The FreeSpace Collective engages with DC Public Library’s new Maker-In-Residence (MIR) program to culminate in a show at Flashpoint Gallery
by Eames Armstrong
Access to photocopy machines and printers is still an important service that libraries provide, but today DC Public Library patrons can also access laser cutters and 3D printers. Of course, there is a learning curve. And now that we can use MakerSpace equipment, what on earth should we do with it?
Last summer DC Public Library launched a new Maker-In-Residence (MIR) program. The FreeSpace Collective, artists Billy Friebele & Mike Dax Iacovone, were chosen to pilot this new initiative based at the MakerSpace in the downtown Martin Luther King Jr. branch. Since I first read about the MIR, I thought it was a smart idea: invite artists into this uncharted part of the library to lead by example, and create a unique platform for new projects to develop and be seen.
Over the year-long residency, the artists learned to use the equipment for their own projects and led public workshops. The culmination of this residency is an exhibition, City of Ghosts at CulturalDC’s Flashpoint Gallery, located just across the street from MLK Library.
Mike and Billy have been working together as FreeSpace Collective since 2008 when they were both in grad school at MICA. Rather than their usual collaboratively created works, this exhibition consists of projects that the two artists made individually, though in tandem.
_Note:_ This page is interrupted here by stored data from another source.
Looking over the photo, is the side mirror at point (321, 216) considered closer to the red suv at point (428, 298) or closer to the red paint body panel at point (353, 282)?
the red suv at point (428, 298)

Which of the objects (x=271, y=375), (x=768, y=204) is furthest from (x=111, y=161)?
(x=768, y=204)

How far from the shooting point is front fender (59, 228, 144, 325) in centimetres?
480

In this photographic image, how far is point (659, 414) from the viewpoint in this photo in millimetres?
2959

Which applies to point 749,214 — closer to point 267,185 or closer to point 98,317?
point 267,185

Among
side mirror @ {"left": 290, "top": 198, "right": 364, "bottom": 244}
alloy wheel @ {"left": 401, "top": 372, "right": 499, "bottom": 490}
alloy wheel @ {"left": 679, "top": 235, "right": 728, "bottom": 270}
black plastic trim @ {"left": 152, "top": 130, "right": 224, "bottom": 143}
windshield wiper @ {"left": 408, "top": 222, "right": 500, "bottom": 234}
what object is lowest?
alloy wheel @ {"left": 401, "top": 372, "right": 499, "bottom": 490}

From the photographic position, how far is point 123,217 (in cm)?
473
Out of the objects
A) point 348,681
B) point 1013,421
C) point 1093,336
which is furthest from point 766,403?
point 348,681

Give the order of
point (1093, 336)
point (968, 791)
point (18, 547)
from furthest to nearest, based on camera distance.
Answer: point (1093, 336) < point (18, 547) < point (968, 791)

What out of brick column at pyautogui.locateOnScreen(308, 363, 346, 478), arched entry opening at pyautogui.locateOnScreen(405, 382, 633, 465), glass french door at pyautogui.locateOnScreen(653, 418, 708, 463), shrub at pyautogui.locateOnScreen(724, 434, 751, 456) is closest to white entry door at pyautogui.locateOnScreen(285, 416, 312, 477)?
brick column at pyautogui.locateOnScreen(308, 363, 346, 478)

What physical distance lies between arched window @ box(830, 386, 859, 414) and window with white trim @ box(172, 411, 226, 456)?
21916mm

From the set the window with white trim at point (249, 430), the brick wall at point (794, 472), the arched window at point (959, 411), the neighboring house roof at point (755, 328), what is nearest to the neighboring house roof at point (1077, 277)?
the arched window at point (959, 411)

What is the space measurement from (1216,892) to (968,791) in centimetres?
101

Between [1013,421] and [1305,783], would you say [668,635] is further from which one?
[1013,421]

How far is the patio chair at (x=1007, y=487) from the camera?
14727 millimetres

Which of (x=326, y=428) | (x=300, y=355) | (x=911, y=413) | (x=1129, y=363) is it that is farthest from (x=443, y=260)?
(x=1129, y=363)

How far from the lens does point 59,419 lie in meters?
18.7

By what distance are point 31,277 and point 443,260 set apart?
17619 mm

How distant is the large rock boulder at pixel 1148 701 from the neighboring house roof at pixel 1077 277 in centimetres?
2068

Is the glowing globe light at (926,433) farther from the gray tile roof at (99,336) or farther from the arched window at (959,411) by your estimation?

Billy focused on the areas immediately surrounding MLK library, such as the rapidly changing Chinatown neighborhood, and Mike made projection pieces that visualized and mapped data such as the annual homicide rate in DC.
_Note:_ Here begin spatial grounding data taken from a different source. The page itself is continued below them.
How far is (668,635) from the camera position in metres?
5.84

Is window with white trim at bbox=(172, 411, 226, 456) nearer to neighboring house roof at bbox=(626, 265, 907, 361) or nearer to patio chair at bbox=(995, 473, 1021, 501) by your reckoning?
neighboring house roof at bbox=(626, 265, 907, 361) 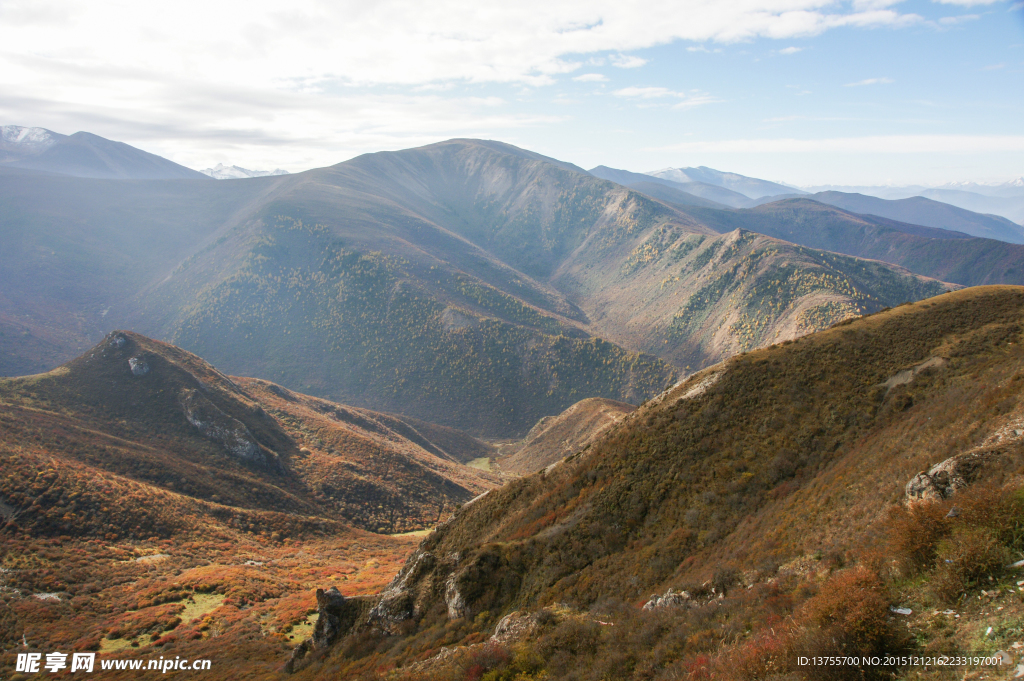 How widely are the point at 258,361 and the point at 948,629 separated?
5822 inches

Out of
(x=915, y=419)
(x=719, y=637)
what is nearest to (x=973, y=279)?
(x=915, y=419)

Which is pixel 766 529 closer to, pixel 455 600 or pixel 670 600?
pixel 670 600

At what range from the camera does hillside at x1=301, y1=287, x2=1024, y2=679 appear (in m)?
8.59

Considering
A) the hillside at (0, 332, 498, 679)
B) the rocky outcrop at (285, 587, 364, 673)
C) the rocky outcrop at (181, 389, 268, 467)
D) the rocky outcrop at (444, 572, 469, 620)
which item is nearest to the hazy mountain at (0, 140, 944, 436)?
the hillside at (0, 332, 498, 679)

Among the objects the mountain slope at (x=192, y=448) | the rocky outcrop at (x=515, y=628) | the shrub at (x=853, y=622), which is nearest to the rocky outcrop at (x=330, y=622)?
the rocky outcrop at (x=515, y=628)

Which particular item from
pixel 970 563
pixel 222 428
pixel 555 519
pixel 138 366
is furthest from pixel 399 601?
pixel 138 366

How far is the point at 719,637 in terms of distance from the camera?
10516 millimetres

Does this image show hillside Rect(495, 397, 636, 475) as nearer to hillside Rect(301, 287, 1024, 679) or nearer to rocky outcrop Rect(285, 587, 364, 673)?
hillside Rect(301, 287, 1024, 679)

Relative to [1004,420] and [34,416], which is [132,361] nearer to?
[34,416]

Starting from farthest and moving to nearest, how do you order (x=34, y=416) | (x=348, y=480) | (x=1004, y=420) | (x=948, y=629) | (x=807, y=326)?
1. (x=807, y=326)
2. (x=348, y=480)
3. (x=34, y=416)
4. (x=1004, y=420)
5. (x=948, y=629)

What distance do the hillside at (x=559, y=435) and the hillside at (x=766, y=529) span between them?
4161cm

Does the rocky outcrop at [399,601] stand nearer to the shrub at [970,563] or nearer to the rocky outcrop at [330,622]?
the rocky outcrop at [330,622]

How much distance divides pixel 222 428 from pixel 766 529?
2161 inches

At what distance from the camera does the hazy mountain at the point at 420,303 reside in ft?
368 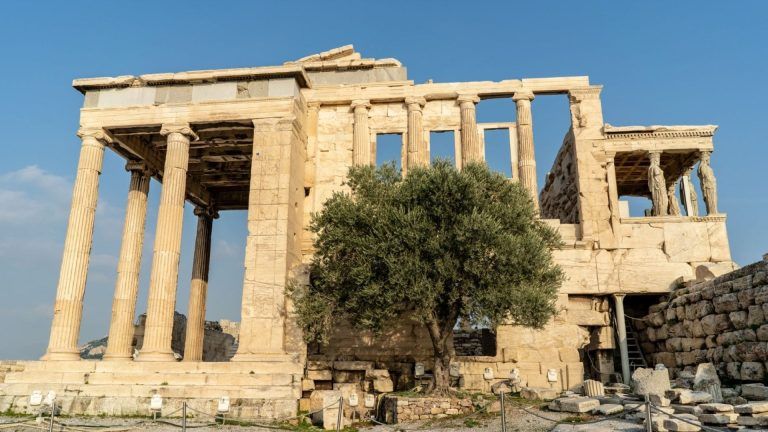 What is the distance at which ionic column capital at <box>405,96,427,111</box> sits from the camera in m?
19.7

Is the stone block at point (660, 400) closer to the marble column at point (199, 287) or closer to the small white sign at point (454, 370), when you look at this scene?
the small white sign at point (454, 370)

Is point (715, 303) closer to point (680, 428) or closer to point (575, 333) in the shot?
point (575, 333)

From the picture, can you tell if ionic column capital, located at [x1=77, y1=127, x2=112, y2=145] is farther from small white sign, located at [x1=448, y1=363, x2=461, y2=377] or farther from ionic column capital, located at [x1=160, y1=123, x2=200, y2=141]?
small white sign, located at [x1=448, y1=363, x2=461, y2=377]

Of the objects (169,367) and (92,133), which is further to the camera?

I’ve known both artists for a while, and have anxiously waited to see how the MIR program went. I asked them about their experience as Maker-In-Residence and their resulting and ongoing projects.
CulturalDC announced recently that Flashpoint Gallery will close sometime next year after thirteen years. I’m pleased, if bittersweetly, that I’ll be among the last artists who will show there in January 2017. So I also asked about Mike and Billy about the future for artist spaces and the possible role of libraries. (Full disclosure: Two years ago Mike invited me to speak to a class he designed and taught at the Corcoran called ‘Art Outside the Gallery’ and Mike is a regular contributor to BmoreArt.)
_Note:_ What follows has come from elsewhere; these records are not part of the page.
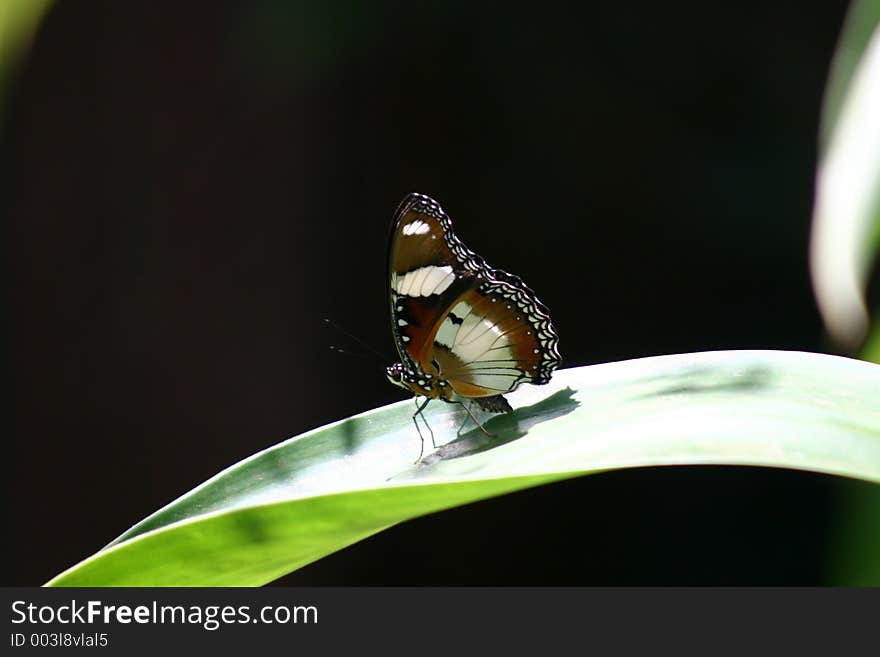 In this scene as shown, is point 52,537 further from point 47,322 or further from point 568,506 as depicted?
point 568,506

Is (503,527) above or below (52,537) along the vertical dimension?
below

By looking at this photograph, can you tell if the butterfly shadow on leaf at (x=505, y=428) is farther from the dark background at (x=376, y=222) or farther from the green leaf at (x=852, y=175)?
the dark background at (x=376, y=222)

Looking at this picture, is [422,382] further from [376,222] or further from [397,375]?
[376,222]

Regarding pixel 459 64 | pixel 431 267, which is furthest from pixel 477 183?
pixel 431 267

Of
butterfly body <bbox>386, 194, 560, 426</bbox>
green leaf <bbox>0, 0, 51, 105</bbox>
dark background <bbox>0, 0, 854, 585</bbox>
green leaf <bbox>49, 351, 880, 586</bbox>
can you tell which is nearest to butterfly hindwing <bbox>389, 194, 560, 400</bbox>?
butterfly body <bbox>386, 194, 560, 426</bbox>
Winds of Time (over 100 years), 2016
Eames Armstrong: The neighborhood around the MLK Library directly influenced several of the pieces in the exhibition, such as Future Monument for Chinatown, DC 2016 and Winds of Time (over 100 years). What was your relationship with that area like before, and now?
Billy Friebele: I grew up in PG county and vividly remember driving through Chinatown in the 80’s and seeing this desolate, partly vacant landscape. It was known to be a dangerous area. When Ted Leonsis decided to build the MCI center in that area it was a catalyst for change, and the effects are still rippling today. My 23 year-old cousin just moved to DC and decided to move to Chinatown, which represents a major shift in my lifetime.
The residency led me to focus much more closely on this area. I researched the historical changes over time as well as the contemporary tensions between rapid development and the Section 8 housing of buildings like the Wah Luck House and Museum Square.
The act of physically capturing 3D scans of these areas really brought me in contact with the streets in ways I would have never engaged. That is one of the reasons that Mike and I have been working with public spaces for so long, because it leads us to see and experience areas of the city in new ways.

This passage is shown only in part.